WHAT THE TASK REQUIRES: Give back, exactly as written, the lines from the beginning of the listing through the one that contains "Set of four".

==== RECORDS

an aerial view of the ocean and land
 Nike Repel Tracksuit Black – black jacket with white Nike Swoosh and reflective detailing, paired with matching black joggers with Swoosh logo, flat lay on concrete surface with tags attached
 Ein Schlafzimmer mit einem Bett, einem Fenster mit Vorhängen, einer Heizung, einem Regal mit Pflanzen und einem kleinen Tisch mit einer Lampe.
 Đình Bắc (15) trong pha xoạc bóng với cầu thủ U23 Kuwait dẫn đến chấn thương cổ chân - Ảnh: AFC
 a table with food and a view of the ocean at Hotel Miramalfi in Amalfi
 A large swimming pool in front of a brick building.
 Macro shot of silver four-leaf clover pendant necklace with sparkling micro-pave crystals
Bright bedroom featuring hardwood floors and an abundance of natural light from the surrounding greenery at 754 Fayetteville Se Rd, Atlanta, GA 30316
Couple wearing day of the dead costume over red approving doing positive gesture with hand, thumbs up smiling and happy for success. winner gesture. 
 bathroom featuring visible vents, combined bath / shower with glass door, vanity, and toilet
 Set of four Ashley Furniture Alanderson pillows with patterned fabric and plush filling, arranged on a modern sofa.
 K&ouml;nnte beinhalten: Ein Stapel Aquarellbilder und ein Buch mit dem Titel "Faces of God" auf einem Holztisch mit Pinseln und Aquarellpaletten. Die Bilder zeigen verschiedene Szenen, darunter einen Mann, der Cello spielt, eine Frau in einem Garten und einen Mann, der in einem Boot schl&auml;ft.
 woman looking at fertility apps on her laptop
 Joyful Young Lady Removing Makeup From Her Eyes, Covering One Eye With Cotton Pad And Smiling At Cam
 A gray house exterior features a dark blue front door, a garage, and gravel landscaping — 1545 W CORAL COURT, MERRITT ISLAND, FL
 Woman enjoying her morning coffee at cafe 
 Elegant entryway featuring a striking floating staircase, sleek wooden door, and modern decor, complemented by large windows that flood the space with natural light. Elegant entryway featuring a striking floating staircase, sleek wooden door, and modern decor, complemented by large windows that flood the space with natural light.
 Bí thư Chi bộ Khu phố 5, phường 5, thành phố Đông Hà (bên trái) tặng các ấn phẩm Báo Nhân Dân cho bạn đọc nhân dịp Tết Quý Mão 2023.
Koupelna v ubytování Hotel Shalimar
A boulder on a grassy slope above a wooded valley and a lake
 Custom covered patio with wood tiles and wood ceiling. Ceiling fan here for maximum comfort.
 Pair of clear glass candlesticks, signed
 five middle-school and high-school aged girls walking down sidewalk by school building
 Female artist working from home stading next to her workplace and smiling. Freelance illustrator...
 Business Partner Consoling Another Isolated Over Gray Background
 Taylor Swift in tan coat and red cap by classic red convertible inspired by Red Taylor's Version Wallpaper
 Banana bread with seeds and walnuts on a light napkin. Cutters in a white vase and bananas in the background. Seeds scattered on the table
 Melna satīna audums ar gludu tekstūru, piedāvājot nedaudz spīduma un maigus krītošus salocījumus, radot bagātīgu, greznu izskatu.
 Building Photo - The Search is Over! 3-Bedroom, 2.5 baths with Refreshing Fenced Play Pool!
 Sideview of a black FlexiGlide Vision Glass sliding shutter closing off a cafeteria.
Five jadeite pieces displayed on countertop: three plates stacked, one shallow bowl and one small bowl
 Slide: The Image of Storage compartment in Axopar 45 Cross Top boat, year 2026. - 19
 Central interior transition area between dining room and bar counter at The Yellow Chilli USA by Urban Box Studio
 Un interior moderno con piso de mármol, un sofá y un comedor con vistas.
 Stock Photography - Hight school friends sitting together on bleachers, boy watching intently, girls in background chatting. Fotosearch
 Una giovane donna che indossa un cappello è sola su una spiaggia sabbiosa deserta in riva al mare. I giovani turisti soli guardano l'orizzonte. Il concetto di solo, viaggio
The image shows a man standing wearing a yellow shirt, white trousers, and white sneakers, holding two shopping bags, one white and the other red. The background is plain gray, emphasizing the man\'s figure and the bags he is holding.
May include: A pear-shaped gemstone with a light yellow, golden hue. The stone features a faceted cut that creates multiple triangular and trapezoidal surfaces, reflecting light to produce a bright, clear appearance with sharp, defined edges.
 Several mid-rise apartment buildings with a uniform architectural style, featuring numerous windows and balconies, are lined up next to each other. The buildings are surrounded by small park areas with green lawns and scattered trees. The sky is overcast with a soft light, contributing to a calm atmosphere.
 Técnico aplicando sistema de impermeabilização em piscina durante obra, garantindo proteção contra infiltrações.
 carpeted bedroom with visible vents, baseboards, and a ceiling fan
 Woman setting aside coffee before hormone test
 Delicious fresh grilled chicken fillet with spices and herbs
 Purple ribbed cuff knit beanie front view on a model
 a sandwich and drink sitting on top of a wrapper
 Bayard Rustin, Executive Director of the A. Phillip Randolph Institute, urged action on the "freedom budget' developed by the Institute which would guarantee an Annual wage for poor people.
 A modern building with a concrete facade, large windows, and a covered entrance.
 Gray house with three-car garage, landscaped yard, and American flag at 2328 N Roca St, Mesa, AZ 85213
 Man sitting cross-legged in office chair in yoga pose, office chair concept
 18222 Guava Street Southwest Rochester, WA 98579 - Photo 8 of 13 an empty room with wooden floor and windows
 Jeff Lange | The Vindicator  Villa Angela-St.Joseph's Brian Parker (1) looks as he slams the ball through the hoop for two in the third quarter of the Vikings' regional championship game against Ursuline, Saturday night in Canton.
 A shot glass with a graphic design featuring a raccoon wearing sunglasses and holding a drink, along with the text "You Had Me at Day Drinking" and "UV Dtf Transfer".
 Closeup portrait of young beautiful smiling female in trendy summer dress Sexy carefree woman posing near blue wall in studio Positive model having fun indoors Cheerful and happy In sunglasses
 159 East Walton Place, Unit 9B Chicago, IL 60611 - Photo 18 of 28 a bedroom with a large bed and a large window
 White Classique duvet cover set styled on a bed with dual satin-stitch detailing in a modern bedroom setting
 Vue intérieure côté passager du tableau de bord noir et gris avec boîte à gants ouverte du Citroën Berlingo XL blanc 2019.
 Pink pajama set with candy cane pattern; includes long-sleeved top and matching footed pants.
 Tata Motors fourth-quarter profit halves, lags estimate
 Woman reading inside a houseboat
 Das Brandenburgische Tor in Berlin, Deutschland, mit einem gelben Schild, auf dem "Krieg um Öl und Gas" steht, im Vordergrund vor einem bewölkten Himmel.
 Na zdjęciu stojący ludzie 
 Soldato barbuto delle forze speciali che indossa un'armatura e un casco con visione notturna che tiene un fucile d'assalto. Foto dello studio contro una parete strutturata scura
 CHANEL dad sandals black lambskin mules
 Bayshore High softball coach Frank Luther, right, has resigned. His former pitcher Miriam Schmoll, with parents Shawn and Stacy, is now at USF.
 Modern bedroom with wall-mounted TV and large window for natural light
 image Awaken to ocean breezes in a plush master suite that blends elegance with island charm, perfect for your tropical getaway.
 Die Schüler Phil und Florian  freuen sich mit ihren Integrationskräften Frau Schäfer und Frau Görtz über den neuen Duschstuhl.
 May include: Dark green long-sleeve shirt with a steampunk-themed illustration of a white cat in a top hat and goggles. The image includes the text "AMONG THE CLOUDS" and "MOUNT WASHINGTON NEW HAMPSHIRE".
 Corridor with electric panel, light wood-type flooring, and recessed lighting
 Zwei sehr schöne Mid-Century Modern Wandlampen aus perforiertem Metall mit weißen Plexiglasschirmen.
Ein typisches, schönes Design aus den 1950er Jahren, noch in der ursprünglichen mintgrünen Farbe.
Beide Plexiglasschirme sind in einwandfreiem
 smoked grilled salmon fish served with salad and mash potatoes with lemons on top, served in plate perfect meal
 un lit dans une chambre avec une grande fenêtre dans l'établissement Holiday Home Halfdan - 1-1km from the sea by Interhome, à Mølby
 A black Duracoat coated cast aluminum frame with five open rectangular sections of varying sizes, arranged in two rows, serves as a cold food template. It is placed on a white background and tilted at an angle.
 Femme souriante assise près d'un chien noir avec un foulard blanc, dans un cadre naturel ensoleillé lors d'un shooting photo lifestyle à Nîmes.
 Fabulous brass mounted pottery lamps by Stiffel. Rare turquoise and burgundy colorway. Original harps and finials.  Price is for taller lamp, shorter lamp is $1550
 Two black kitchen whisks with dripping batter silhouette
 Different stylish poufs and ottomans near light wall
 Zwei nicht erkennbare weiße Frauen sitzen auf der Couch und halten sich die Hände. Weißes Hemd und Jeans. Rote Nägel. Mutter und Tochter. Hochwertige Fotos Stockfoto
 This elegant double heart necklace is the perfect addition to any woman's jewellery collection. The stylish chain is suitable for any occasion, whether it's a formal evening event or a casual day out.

========

RESULT OF THIS EXERCISE:
an aerial view of the ocean and land
 Nike Repel Tracksuit Black – black jacket with white Nike Swoosh and reflective detailing, paired with matching black joggers with Swoosh logo, flat lay on concrete surface with tags attached
 Ein Schlafzimmer mit einem Bett, einem Fenster mit Vorhängen, einer Heizung, einem Regal mit Pflanzen und einem kleinen Tisch mit einer Lampe.
 Đình Bắc (15) trong pha xoạc bóng với cầu thủ U23 Kuwait dẫn đến chấn thương cổ chân - Ảnh: AFC
 a table with food and a view of the ocean at Hotel Miramalfi in Amalfi
 A large swimming pool in front of a brick building.
 Macro shot of silver four-leaf clover pendant necklace with sparkling micro-pave crystals
Bright bedroom featuring hardwood floors and an abundance of natural light from the surrounding greenery at 754 Fayetteville Se Rd, Atlanta, GA 30316
Couple wearing day of the dead costume over red approving doing positive gesture with hand, thumbs up smiling and happy for success. winner gesture. 
 bathroom featuring visible vents, combined bath / shower with glass door, vanity, and toilet
 Set of four Ashley Furniture Alanderson pillows with patterned fabric and plush filling, arranged on a modern sofa.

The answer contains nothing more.